Had a 2 bd 1 ba on the ocean for 1575.00 Now a house 3bd 2.5 ba garage with a view 2600.00. Both 10 min from SF


----------



## FLoJo (Aug 6, 2008)

wow 2600 for a house thats badass.. ill be moving in about 8 months and I really want to get a house... if you dont mind me asking are you north or south of sf?


----------



## GrowTech (Aug 6, 2008)

Stay away from major cities and you live in a boring area. Depending on where you go it could be from 700-3000


----------



## moondreamer (Aug 22, 2008)

Is HELL. People are really into the dog eat dog thing. Walk to slow, they will shove you out of the way. I had people keep shoving my kids out of the way once. Shoved me one way, the kids toward the street. I had to physically stop people to get to them. And they looked like they were going to kill me for stopping.

Only way to change lanes is to NOT signal. They are so afraid of someone being ahead of them they speed up when you signal.

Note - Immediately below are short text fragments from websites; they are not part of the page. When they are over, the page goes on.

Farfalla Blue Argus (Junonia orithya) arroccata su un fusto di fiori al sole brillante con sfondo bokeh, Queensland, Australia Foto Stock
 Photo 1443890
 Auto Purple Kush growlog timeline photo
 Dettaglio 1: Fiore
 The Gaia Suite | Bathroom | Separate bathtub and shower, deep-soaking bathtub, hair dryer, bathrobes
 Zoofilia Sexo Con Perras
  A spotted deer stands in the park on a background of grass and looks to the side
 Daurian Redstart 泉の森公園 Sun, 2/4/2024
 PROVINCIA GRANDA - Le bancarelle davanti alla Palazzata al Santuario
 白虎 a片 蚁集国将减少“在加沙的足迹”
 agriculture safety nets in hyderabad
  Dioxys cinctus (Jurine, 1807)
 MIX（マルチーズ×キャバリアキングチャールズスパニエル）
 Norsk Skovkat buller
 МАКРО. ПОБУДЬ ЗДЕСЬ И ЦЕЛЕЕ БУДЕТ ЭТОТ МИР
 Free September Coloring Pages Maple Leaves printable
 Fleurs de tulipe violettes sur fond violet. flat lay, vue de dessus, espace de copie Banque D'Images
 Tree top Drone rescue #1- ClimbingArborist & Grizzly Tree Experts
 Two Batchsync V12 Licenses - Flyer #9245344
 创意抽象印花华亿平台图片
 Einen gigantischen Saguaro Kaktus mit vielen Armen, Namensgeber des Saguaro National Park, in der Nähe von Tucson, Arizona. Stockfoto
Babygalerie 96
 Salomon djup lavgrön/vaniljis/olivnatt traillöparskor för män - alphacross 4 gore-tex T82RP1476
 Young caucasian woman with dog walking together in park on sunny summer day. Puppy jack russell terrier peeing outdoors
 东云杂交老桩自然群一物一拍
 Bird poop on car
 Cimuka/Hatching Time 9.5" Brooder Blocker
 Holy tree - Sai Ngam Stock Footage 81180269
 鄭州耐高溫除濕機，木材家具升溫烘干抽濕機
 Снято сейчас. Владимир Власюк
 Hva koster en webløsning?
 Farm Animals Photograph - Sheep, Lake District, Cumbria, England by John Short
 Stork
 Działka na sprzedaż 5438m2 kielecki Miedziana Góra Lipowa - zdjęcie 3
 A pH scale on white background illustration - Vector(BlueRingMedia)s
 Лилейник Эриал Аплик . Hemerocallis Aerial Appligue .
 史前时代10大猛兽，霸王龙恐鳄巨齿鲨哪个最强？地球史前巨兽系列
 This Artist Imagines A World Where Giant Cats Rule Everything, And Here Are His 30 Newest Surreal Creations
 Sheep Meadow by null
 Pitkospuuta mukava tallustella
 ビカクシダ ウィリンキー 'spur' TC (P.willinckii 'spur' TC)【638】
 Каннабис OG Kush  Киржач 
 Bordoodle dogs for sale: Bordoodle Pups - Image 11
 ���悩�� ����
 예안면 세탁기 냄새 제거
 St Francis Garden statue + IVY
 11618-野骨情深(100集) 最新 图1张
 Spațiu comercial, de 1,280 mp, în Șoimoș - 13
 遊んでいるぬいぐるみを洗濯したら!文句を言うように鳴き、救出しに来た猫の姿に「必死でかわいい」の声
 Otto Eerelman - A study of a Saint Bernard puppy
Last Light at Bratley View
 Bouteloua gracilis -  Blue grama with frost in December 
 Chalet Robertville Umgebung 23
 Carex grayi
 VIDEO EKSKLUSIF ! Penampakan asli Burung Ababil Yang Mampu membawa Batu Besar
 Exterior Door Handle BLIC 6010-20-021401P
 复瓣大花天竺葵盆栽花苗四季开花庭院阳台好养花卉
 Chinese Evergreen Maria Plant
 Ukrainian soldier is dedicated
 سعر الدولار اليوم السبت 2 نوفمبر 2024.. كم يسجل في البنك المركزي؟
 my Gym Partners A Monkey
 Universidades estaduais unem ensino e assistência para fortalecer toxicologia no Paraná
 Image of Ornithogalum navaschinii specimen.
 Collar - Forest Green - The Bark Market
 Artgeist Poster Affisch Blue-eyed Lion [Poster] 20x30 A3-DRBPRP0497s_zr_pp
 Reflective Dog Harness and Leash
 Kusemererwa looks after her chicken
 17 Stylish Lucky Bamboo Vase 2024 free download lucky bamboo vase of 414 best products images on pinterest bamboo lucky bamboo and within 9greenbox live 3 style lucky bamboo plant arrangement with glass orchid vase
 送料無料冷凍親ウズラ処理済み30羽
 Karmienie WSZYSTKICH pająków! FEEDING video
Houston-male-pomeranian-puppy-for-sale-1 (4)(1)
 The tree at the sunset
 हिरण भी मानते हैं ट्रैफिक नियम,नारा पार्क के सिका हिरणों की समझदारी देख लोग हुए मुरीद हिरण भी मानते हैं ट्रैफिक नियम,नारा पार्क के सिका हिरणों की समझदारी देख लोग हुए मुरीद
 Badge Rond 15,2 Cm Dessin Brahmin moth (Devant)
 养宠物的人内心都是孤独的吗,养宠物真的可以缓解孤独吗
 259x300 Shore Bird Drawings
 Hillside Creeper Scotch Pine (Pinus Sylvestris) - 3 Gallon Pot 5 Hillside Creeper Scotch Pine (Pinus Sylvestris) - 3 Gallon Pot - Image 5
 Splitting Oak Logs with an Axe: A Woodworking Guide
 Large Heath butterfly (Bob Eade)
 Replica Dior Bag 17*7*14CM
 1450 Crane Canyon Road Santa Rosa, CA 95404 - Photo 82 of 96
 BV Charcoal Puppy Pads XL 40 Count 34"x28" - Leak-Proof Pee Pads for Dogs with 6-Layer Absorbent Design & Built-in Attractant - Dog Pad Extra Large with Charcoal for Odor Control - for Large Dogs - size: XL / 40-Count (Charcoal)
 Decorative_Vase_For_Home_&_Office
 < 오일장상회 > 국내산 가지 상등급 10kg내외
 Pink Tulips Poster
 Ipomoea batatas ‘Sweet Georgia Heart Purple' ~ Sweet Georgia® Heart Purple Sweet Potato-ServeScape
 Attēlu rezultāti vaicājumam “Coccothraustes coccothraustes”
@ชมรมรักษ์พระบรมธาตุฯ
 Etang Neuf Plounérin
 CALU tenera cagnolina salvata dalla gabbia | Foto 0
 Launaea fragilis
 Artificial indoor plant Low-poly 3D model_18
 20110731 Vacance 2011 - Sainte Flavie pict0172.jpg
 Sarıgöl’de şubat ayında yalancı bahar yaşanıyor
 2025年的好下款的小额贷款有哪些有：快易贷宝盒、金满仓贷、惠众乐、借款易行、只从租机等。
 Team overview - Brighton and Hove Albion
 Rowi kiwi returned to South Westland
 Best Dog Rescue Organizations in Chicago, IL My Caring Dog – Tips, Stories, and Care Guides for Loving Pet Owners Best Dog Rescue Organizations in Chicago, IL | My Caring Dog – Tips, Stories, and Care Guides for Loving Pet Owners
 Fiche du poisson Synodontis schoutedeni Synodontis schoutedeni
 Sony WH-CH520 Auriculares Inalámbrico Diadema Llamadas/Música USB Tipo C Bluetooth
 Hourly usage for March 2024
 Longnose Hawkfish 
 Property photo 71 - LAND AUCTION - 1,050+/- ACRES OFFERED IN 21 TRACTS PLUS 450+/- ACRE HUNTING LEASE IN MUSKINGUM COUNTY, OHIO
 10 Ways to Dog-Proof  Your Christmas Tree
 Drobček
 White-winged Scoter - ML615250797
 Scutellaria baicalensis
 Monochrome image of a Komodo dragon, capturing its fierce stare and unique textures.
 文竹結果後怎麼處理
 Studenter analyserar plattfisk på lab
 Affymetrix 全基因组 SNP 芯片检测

They are snobs, pushy, aggressive, rude, and that's the white working class. Minorities are so sick of being shoved around by them, they too, attack. Not much friendship happpening in Bay Area, Oakland, & SF are the worst.


----------



## FLoJo (Aug 23, 2008)

damn buddy sounds like you live in the wrong area.. around santa cruz county everyone is nice and helpful and generally pretty loving and happy.. you must really live in hell or something because from my exp. cali peeps are badass for the most part.. way better than most of the country thats for damn sure


----------



## stoner408 (Aug 23, 2008)

moondreamer said:


> Is HELL. People are really into the dog eat dog thing. Walk to slow, they will shove you out of the way. I had people keep shoving my kids out of the way once. Shoved me one way, the kids toward the street. I had to physically stop people to get to them. And they looked like they were going to kill me for stopping.
> 
> Only way to change lanes is to NOT signal. They are so afraid of someone being ahead of them they speed up when you signal.
> 
> They are snobs, pushy, aggressive, rude, and that's the white working class. Minorities are so sick of being shoved around by them, they too, attack. Not much friendship happpening in Bay Area, Oakland, & SF are the worst.


thats why we moved up here man.its a fucking rat race in san jose.i mean i miss being close to numerous dispensaries, but its not so bad if your growing your own.


----------